So throughout this ENTIRE pregnancy, 29 weeks 3 days now, I’ve had allergies and rhinitis from hell. My nose is constantly running. I don’t leave the house without a tissue stashed in my purse like an old lady (I’m even in the market for a cute handkerchief). And now I’m probably on my third cold. The first was mild and I got it at the end of the first trimester. The second happened around the time Gramps died, leaving me with a hacking cough for weeks. And now, the third, cropped up yesterday with general malaise and a left nostril that thinks it was born to ooze clear snot like a leaky water facet. I’m thankful all snot thus far hasn’t been of the green or yellow variety, but the consistent smears of blood do make me worry about chronic inflammation. Because that’s the thing, my nose is runny almost every day, even when I don’t have a cold.
Here’s what I’ve done to try to combat my allergies/rhinitis/colds:
1. Religiously take my high quality refrigerated pro-biotic (my three week cough finally cleared up two days after I started them again).
2. Saline nasal spray the shit out of myself (does nothing, but momentarily relieve some of the sinus burning I experience).
3. Try to avoid dairy more vigilantly (I’ve been super bad about this and with a diagnosed allergy I shouldn’t be so bad, especially while pregnant. BUT when I have eaten dairy I haven’t noticed a worsening of symptoms so….).
Here’s what I haven’t done, but probably should and might do:
1. Go to an ear, nose, throat specialist. Why? Because they’ll just give me category C drugs I refuse to take while pregnant. If the problem continues this will be one of my first appointments after Daphne is born.
2. Go back to the acupuncturist. Even though I saw a HUGE improvement in my allergies when I was under CM care, we just can’t afford it right now.
3. Go back to a gluten-free diet. Going gluten-free for almost a year also seemed to improve my allergies/rhinitis, but guys I’ve been lazy and hungry and too overwhelmed with moving and studying to meticulously prepare paleo/gluten-free meals. I’ve tried to kind of avoid gluten, but when that Jersey Mike’s sub was calling the other day, I gave in. And pasta, every now and then, I’ve got to have pasta.
4. Buy and use a Neti Pot. This is something I’ve never done, but many swear by it. I will be hunting one down today and using one for the first time as this seems like a cheap, side affect free way to improve my breath ability.
It’s funny because other than this (so far) I’ve been feeling physically great, strong, and pretty full of energy considering I’m growing a person. We’ll talk about my mental state in a minute. I haven’t had insomnia or any major body aches beyond sore feet at the end of a long day. Oh but the other night I projectile vomited (into my hands before making it to the bathroom) at 3 AM because I ate entirely too much at dinner time (huge bowl of pasta all to myself AND a gigantic piece of bread pudding – yikes, maybe I really should avoid gluten again!). That was scary and weird and gross, but I felt fine the next day.

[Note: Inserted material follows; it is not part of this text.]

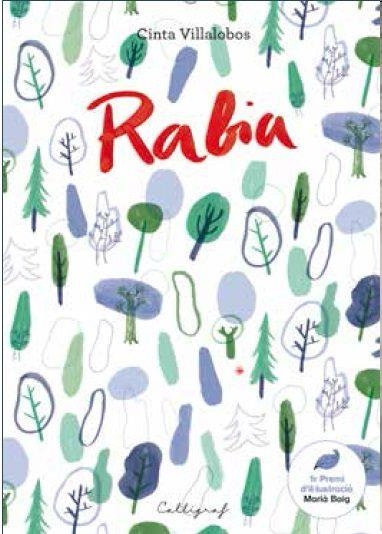 Rabia | 9788494400438 | Alonso-Villalobos Millán, Cinta | Librería Castillón - Comprar libros online Aragón, Barbastro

Strangely, that barfing episode marked the beginning of my mental metamorphosis from grief stricken depression back to semi-optimistic stability. It was if puking purged me of the sadness and mental sickness that had me thinking about death and my own mortality every hour on the hour. For a week there I was seriously considering a psychiatric appointment. I cried every night to my husband and even some of my friends about how pointless it all seems when death is always looming. It was bad. I had a mental breakdown over sushi because Merp refused to attend a Bahai service with me sometime in the future. If you’re curious about the Bahai Faith here’s a little about it from the Bahai website:
The essential message of Bahá’u’lláh [Bahai Faith] is that of unity. He taught that there is only one God, that there is only one human race, and that all the world’s religions represent stages in the revelation of God’s will and purpose for humanity. In this day, Bahá’u’lláh said, humanity has collectively come of age. As foretold in all of the world’s scriptures, the time has arrived for the uniting of all peoples into a peaceful and integrated global society. “The earth is but one country, and mankind its citizens,” He wrote.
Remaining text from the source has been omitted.